Thursday, June 15, 2006

TV: The Tonight Show Smackdown

The prospect of Ann Coulter and George Carlin on the same talk show couch had people salivating. I knew fireworks weren’t in the offing for three reasons.

1. It’s The Tonight Show. Nothing interesting ever happens on The Tonight Show.

2. Carlin doesn’t have to prove anything to anybody.

3. He is, at heart, a neighborhood Irish Catholic guy from New York. And one thing we’re taught is never be disrespectful to women in public.

Jay Leno isn’t the best interviewer, but he did ask Coulter if her caustic language about the 9/11 widows obscured her point. Because, like it or not, she has one. A small point, but a valid one. (John Tierney explicates it nicely in this piece behind the NY Times’ Select wall.)

Coulter replied by slamming the mainstream media and trumpeting her book’s sales figures. That rote response only lends credence to the charge – leveled by the Times’ David Carr and Andrew Sullivan, among many others – that she’s an empty provocateur who doesn’t believe what she says. Sullivan goes so far as to call her “a fictional character.”

And she is. She’s the anti-Stephen Colbert. He began as a comic figure who, in the wake of the White House Correspondents’ Dinner, became a force to be reckoned with. Coulter started as a semi-serious pundit and devolved into a joke. And not a funny one, based on her appearance last night.

Leno’s audience was on her side, though, which makes sense considering The Tonight Show’s demographics. Frankly, I was glad to see it. It makes for a nice change of pace from the crowds at The Daily Show and The Colbert Report. I’m a fan of both programs, but the self-love from those studio audiences grates on my nerves.

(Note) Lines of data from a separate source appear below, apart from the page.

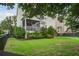 A lush backyard features a manicured lawn and a covered deck at 2241 Dewees Creek Dr, Mount Pleasant, SC 29466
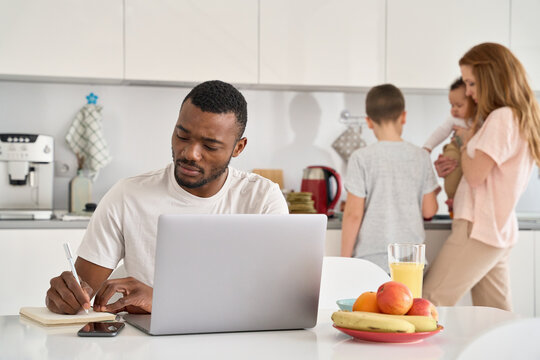 Young Black dad working or learning from home office using laptop computer while mixed race multiethnic family with diverse kids spending time in kitchen at home. Distance work and parenthood concept
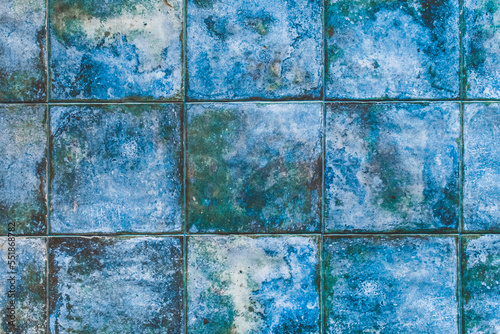Blue mosaic ceramic square tiles with abstract pattern texture background in modern interior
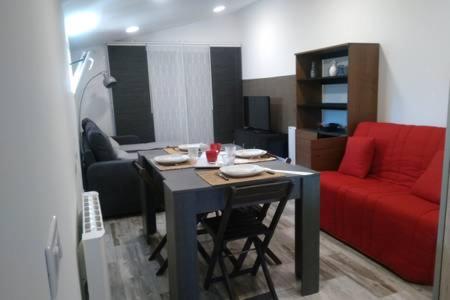 un salon avec une table et un canapé rouge dans l'établissement Très confortable studio maison au pied dufaron, à Toulon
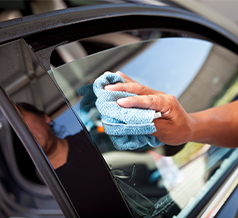 man cleaning car window with a microfiber cloth 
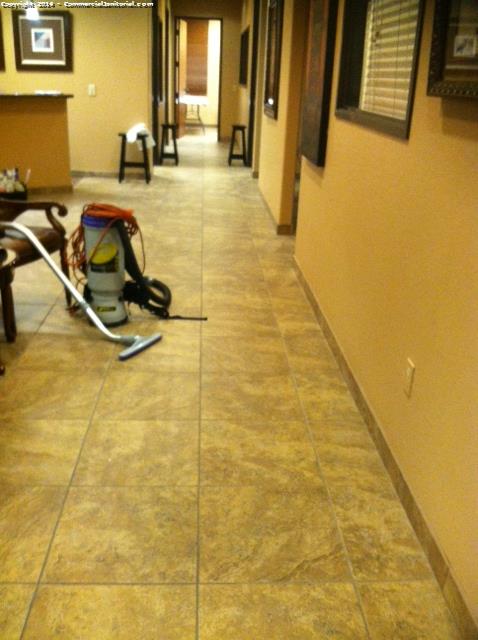 Ryan-

Did a sweep with a treated-dust mop but the dust was getting caught in groves of tile.  Used back-pack vacuum to complete the job and it turned out great.

This vacuum really sucks!  :-)

Joe k.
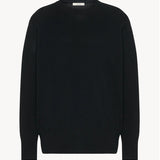 Front view of black leilani top on white background, with no model shown.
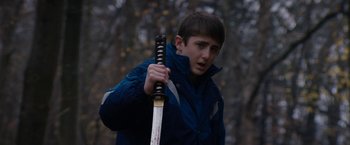 Movie still from “Super Dark Times” (2017), directed by Kevin Phillips – A young man holding a baseball bat while standing in the woods; Close Up shot, Over the shoulder angle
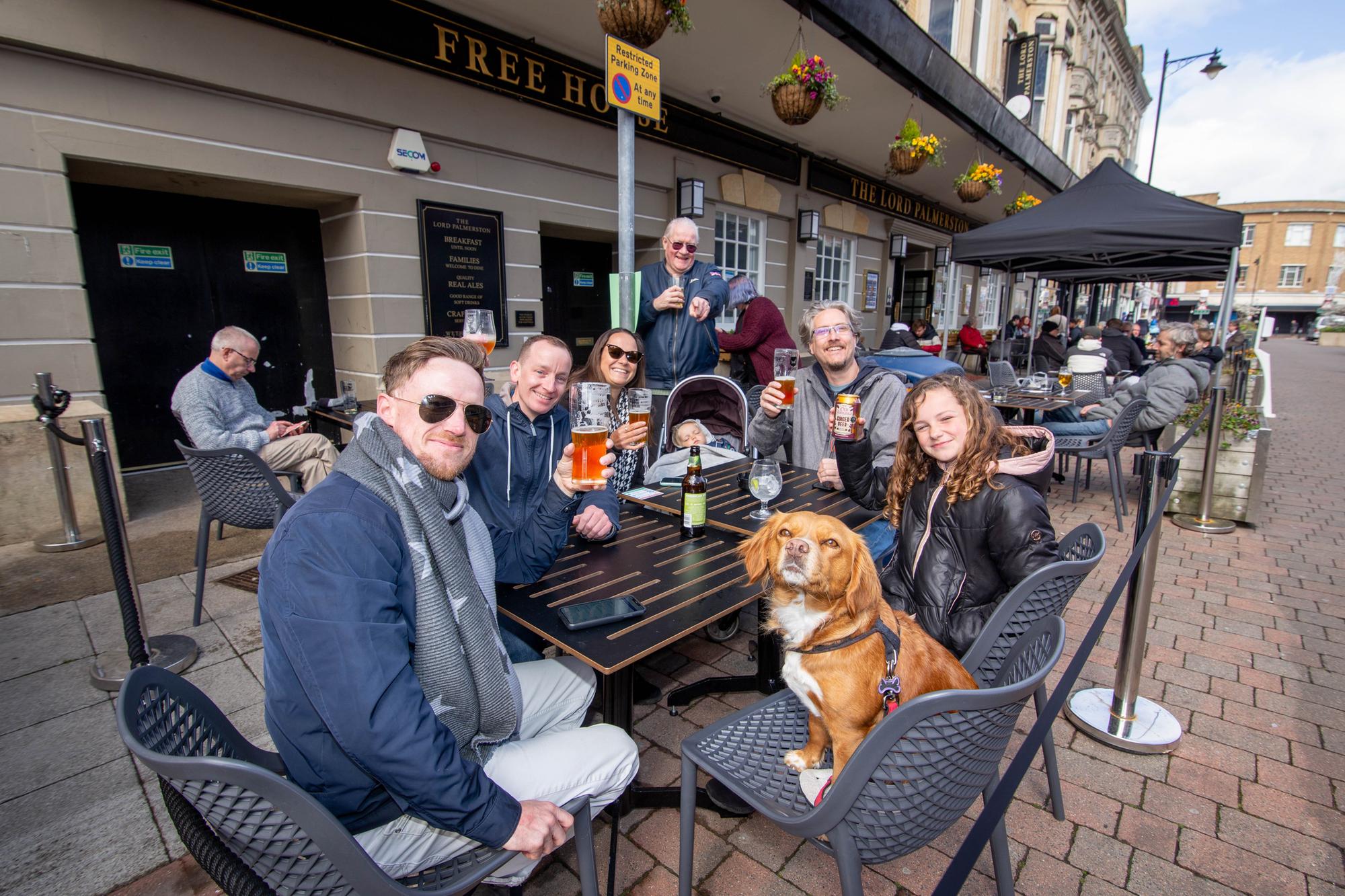 Jerome Matthews, Jasmine the dog, Derek Smith, Selma Matthews, Kaylan 2, Alister English and Sienna Matthews 11 outside The Lord Palmerston, Palmerston Road, Southsea on 12 April 2021. Picture: Habibur Rahman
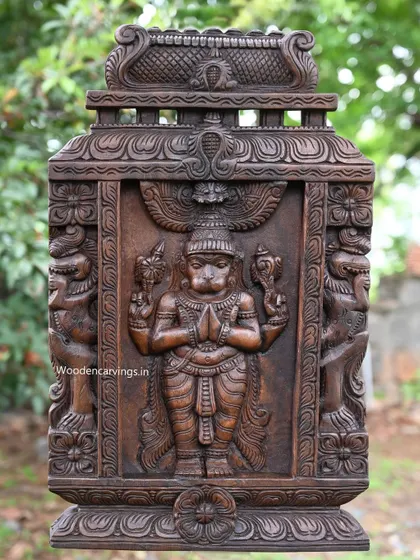 The full Hanuman Kavadi, showing the intricate frame and side figures that complete the portable shrine.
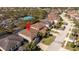 Aerial view of a neighborhood highlighting the home's location in a community with a tennis court at 5251 Wildwood Way, Davenport, FL 33837
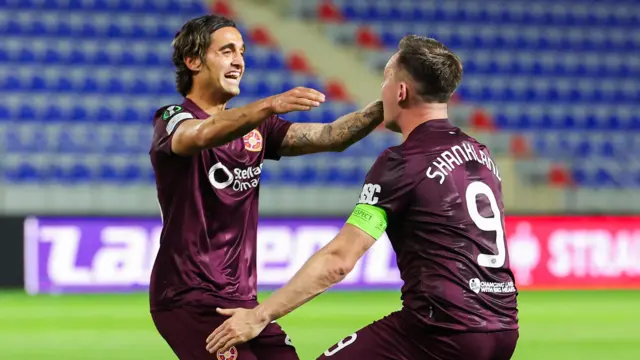 Yan Dhanda and Lawrence Shankland celebrate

I only tuned in last night because my girl KT Tunstall was the musical guest. She engaged Coulter by taping a sign that read “This Machine Kills Fascists” to her guitar in tribute to Woody Guthrie. I never got that sentiment. I suppose if you swung, say, a Fender Stratocaster at the right angle you could take down a blackshirt. But that’s only one fascist. Unless the guitar broke in such a way that the neck could be used to stab another one, in which case you could get away with pluralizing. But that’s not a given. Those guitars are really well made.